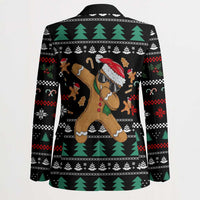Funny Dabbing Gingerbread Holiday Party Jumper Blazer Xmas Holiday Patterns - Wonder Print Shop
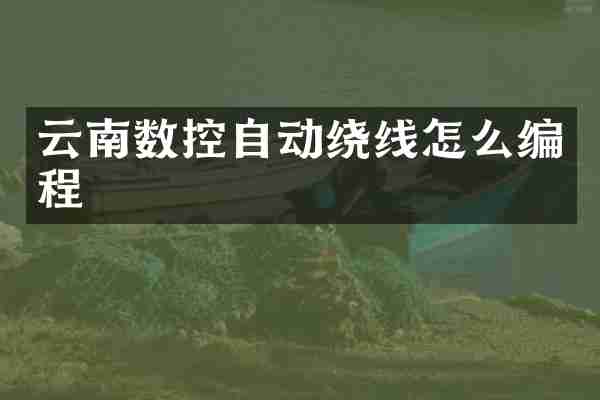 云南数控自动绕线怎么编程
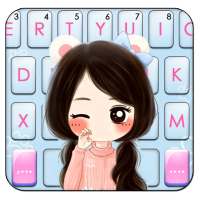 Kitty Girl Keyboard Theme
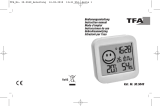 TFA Digital radio-controlled alarm clock with thermo-hygrometer Benutzerhandbuch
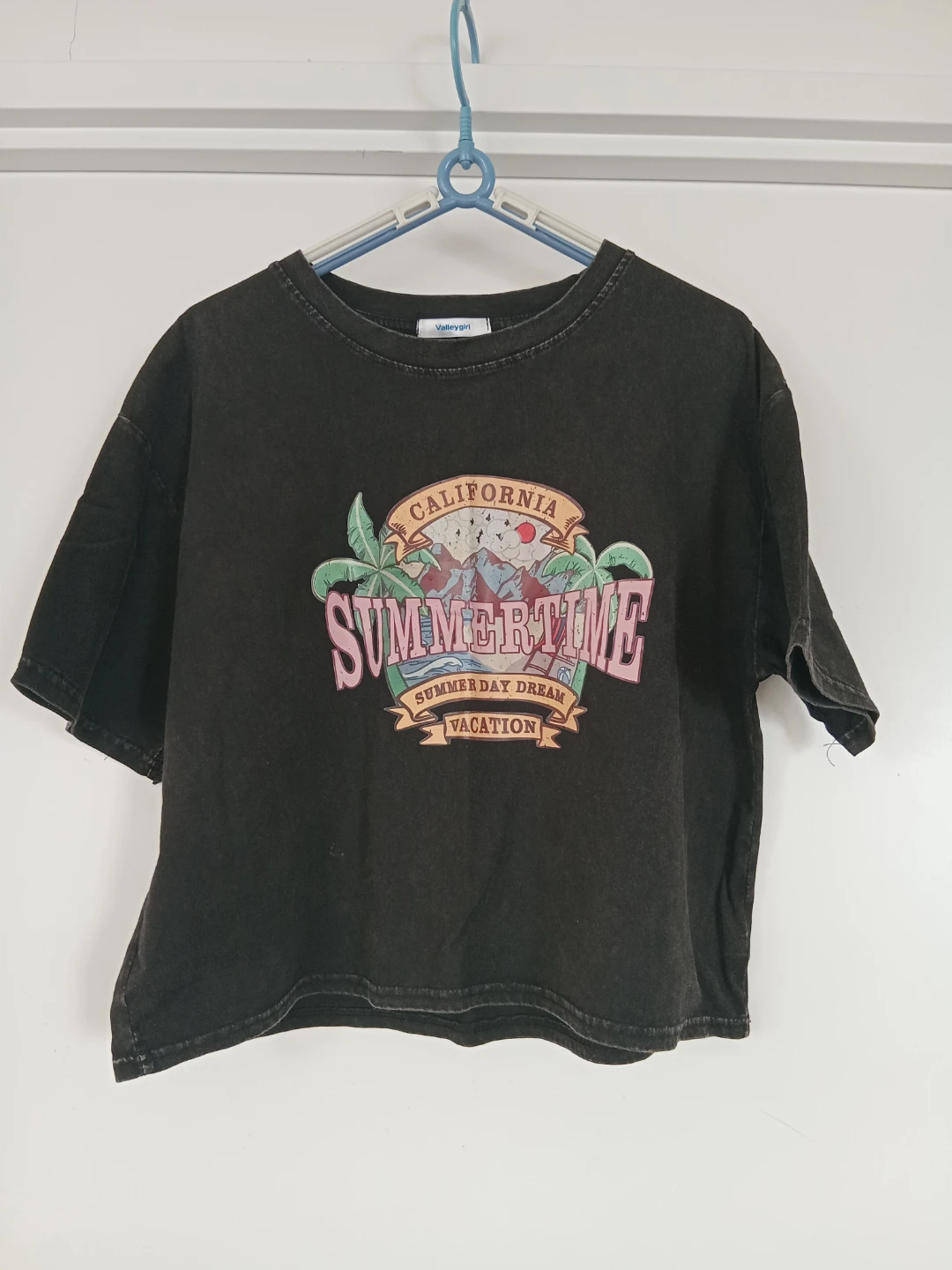 Valleygirl California Summertime Graphic T-Shirt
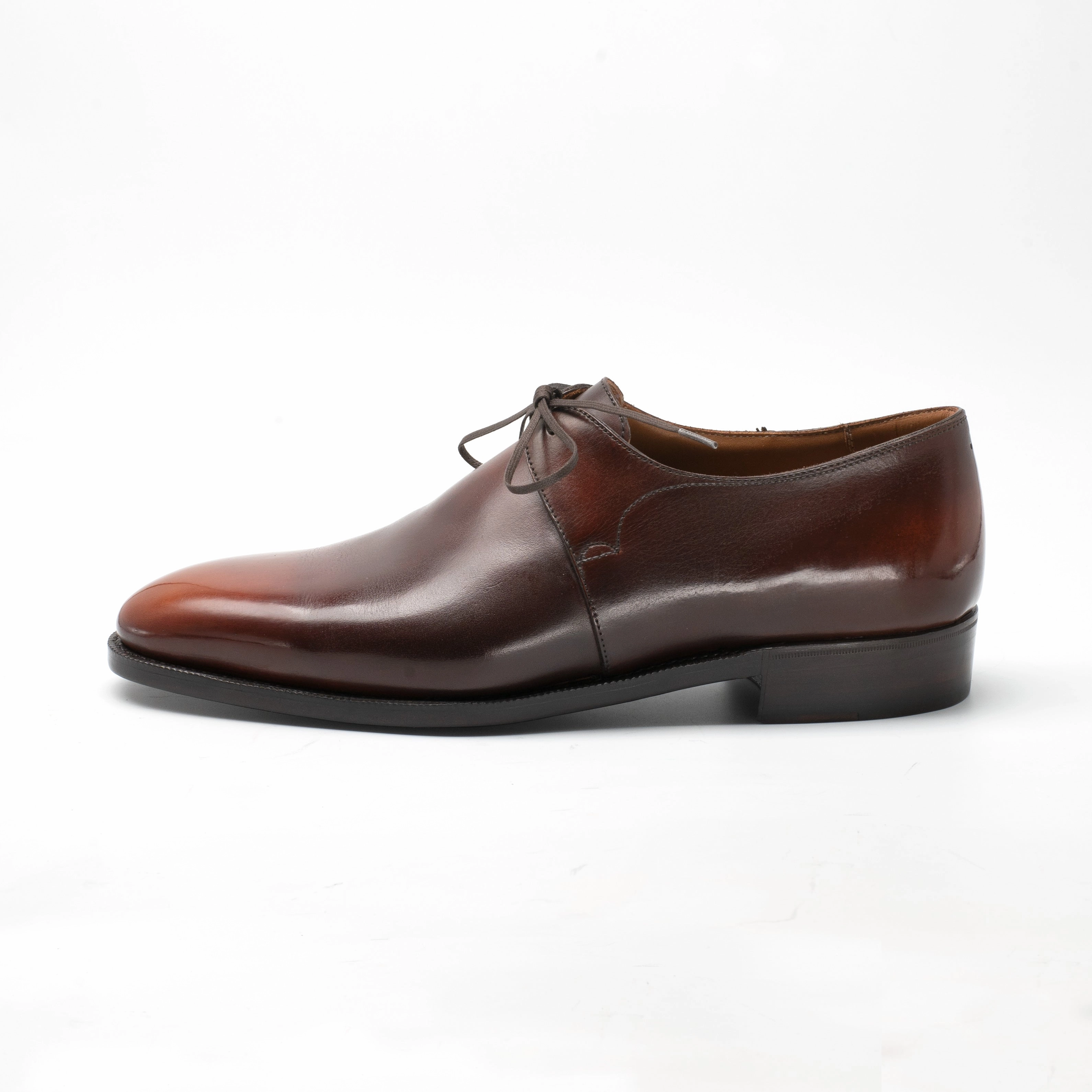 Urban Clarity Wear Subtle Signature Eduardo Derby Shoe - Brown & Cognac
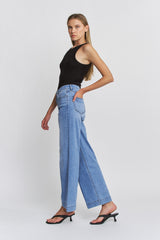 High Rise Wide Leg Trouser Hem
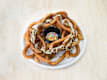 Churros Finos con Sirope y Topping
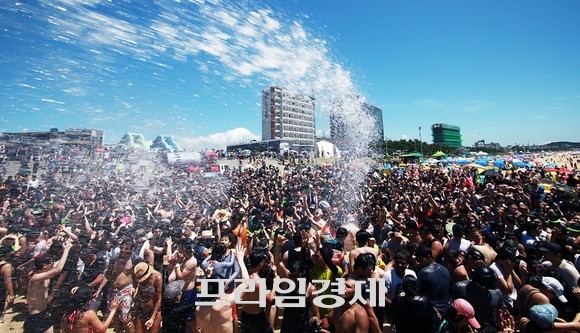 대천해수욕장 머드광장 축제 장면. ⓒ 프라임경제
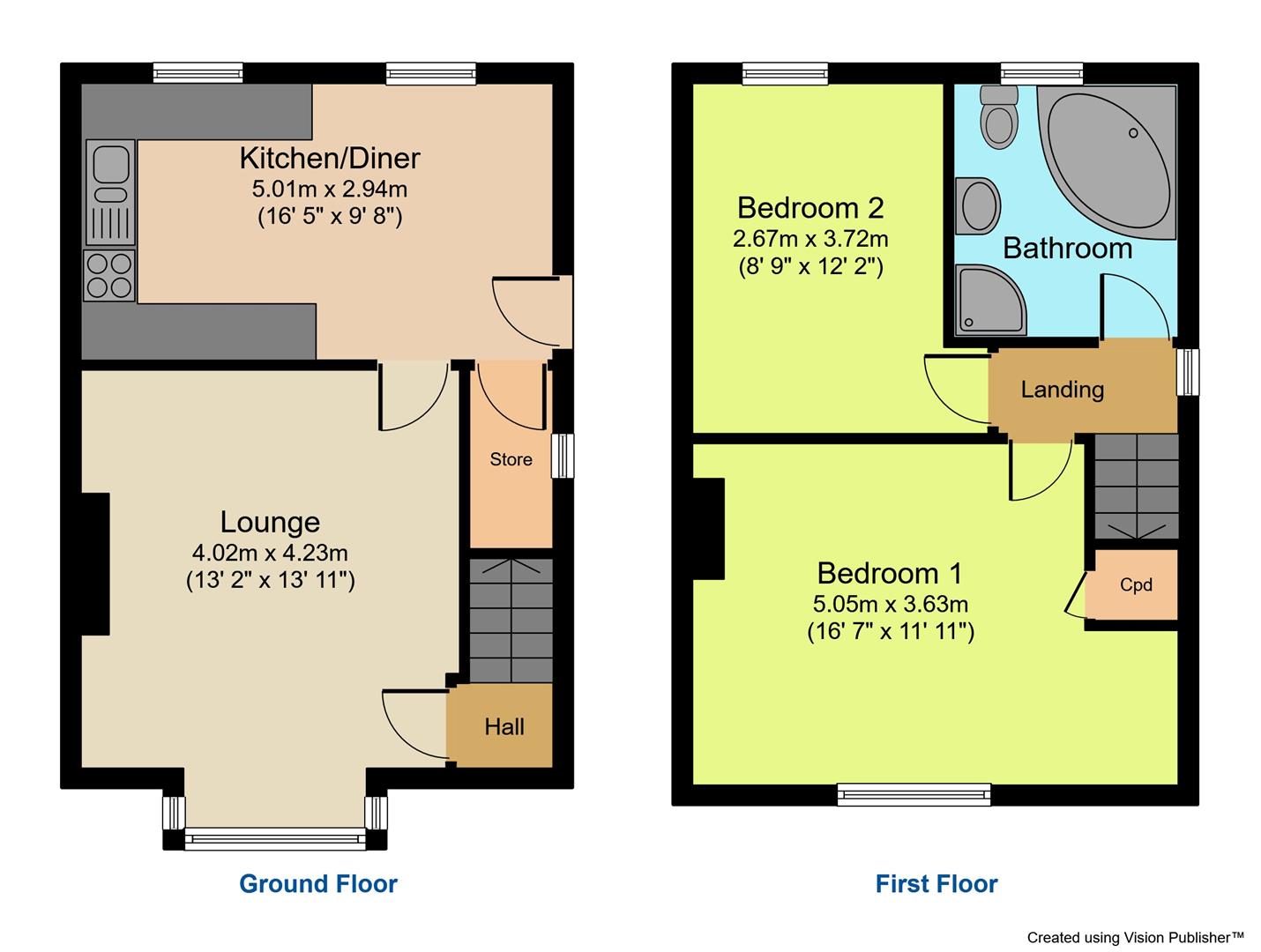 27, Kingston Road, Bradford floorplan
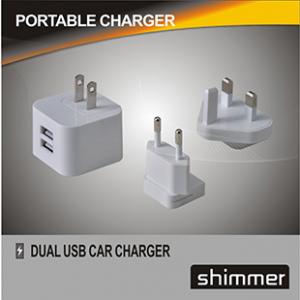 China DUAL USB UNIVERSAL TRAVEL CHARGER supplier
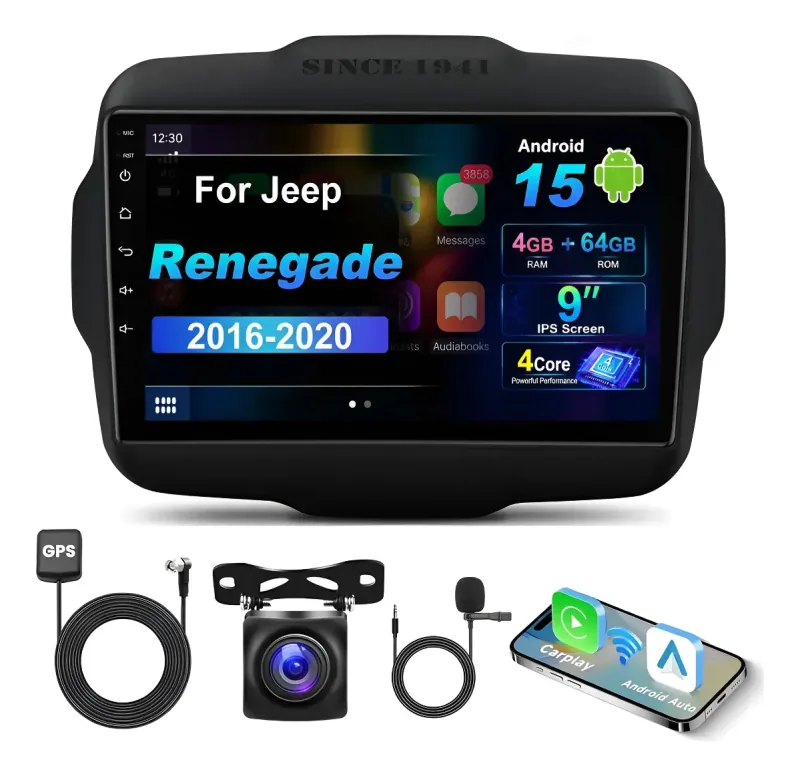 Autoestéreo Android para Jeep Rengade 2016-2020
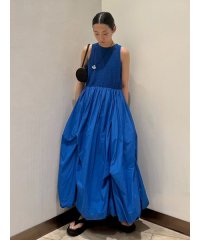 emmi atelier/膨れジャガードカットドッキングワンピース/508171436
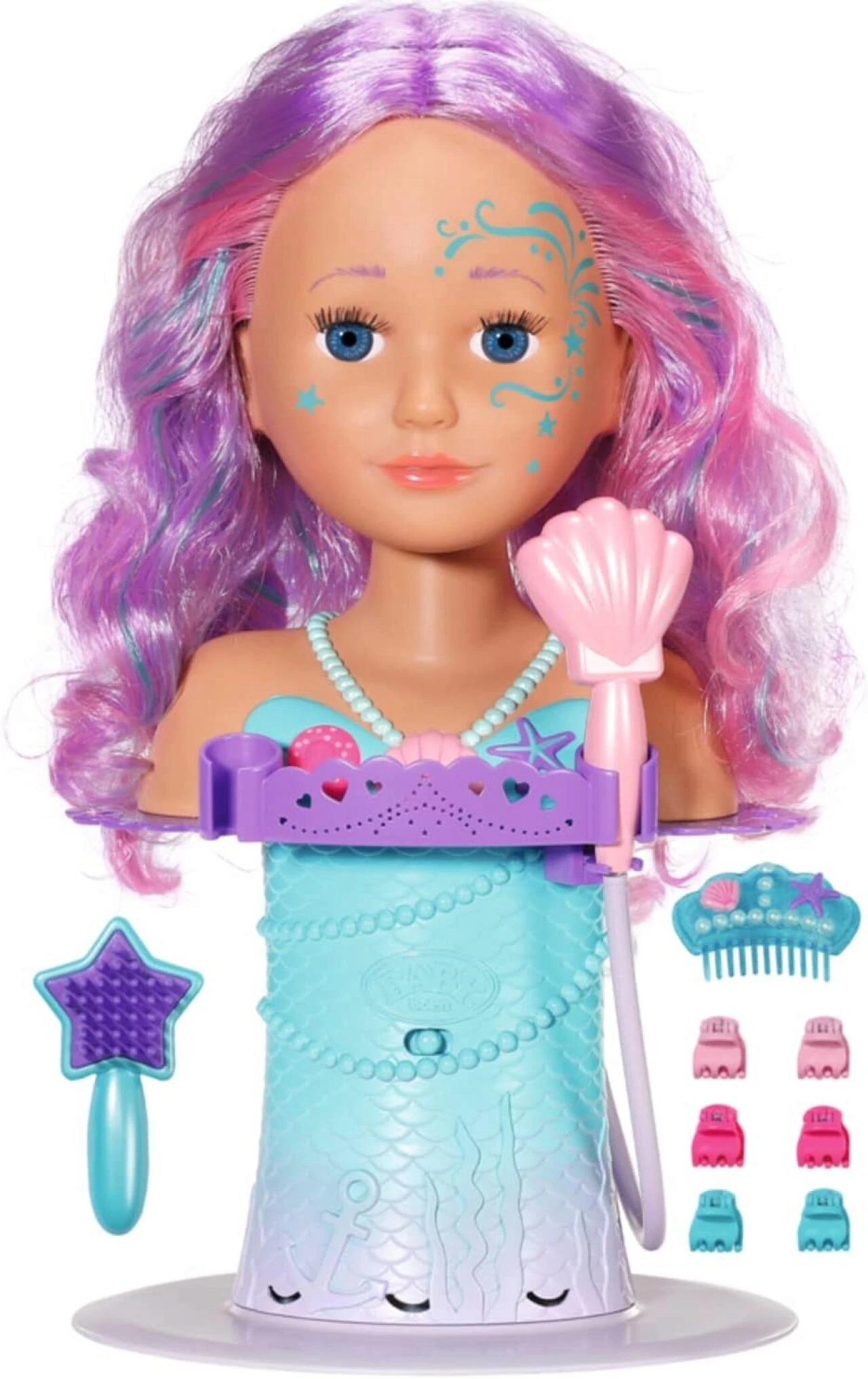 ZAPF 835364 BABY born Sister Styling Head Meerjungfrau, 37 cm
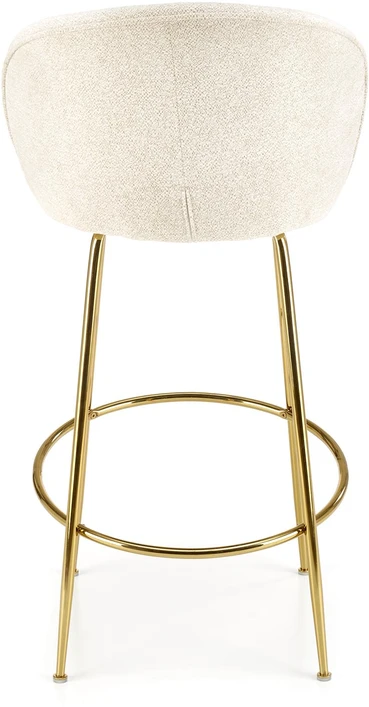 H116 bar stool, creamy / auksinis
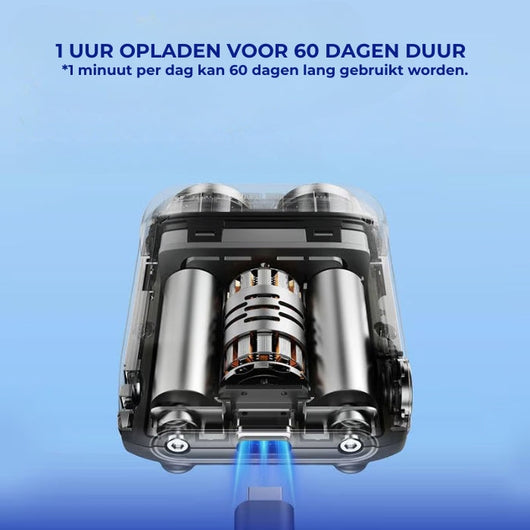 RazorGlide™ | Precisie van thuisscheren, gewicht van tandpasta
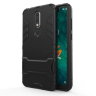 Ударопрочная накладка с ТПУ бампером для Nokia 6.1 Plus (c подставкой) фото 8 — eCase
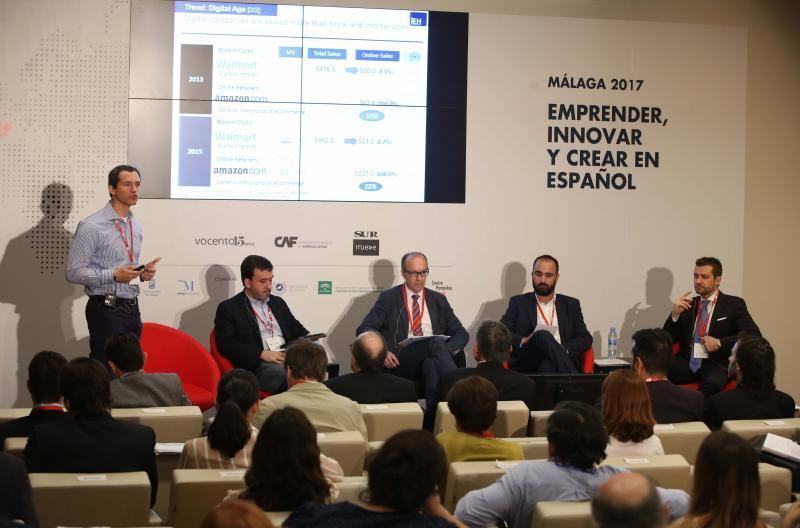 Málaga ha vuelto a ser la sede del foro Futuro en Español, una iniciativa de Vocento y CAF-Banco de Desarrollo de América Latina en el que se ha abordado el reto de innovar en Latinoamérica. 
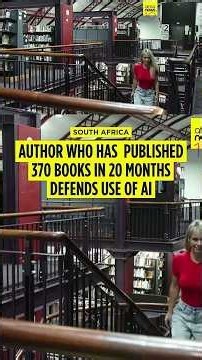 South African author defends use of AI to write her books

-.-.-

WHAT TO PRODUCE =>
Only an exact copy of the lines from the one with "Urban Clarity Wear" through the last line of the listing should be given; pictures must not be included.

EXERCISE RESPONSE =>
 Urban Clarity Wear Subtle Signature Eduardo Derby Shoe - Brown & Cognac
 High Rise Wide Leg Trouser Hem
 Churros Finos con Sirope y Topping
 대천해수욕장 머드광장 축제 장면. ⓒ 프라임경제
 27, Kingston Road, Bradford floorplan
 China DUAL USB UNIVERSAL TRAVEL CHARGER supplier
 Autoestéreo Android para Jeep Rengade 2016-2020
 emmi atelier/膨れジャガードカットドッキングワンピース/508171436
 ZAPF 835364 BABY born Sister Styling Head Meerjungfrau, 37 cm
 H116 bar stool, creamy / auksinis
 RazorGlide™ | Precisie van thuisscheren, gewicht van tandpasta
 Ударопрочная накладка с ТПУ бампером для Nokia 6.1 Plus (c подставкой) фото 8 — eCase
 Málaga ha vuelto a ser la sede del foro Futuro en Español, una iniciativa de Vocento y CAF-Banco de Desarrollo de América Latina en el que se ha abordado el reto de innovar en Latinoamérica. 
 South African author defends use of AI to write her books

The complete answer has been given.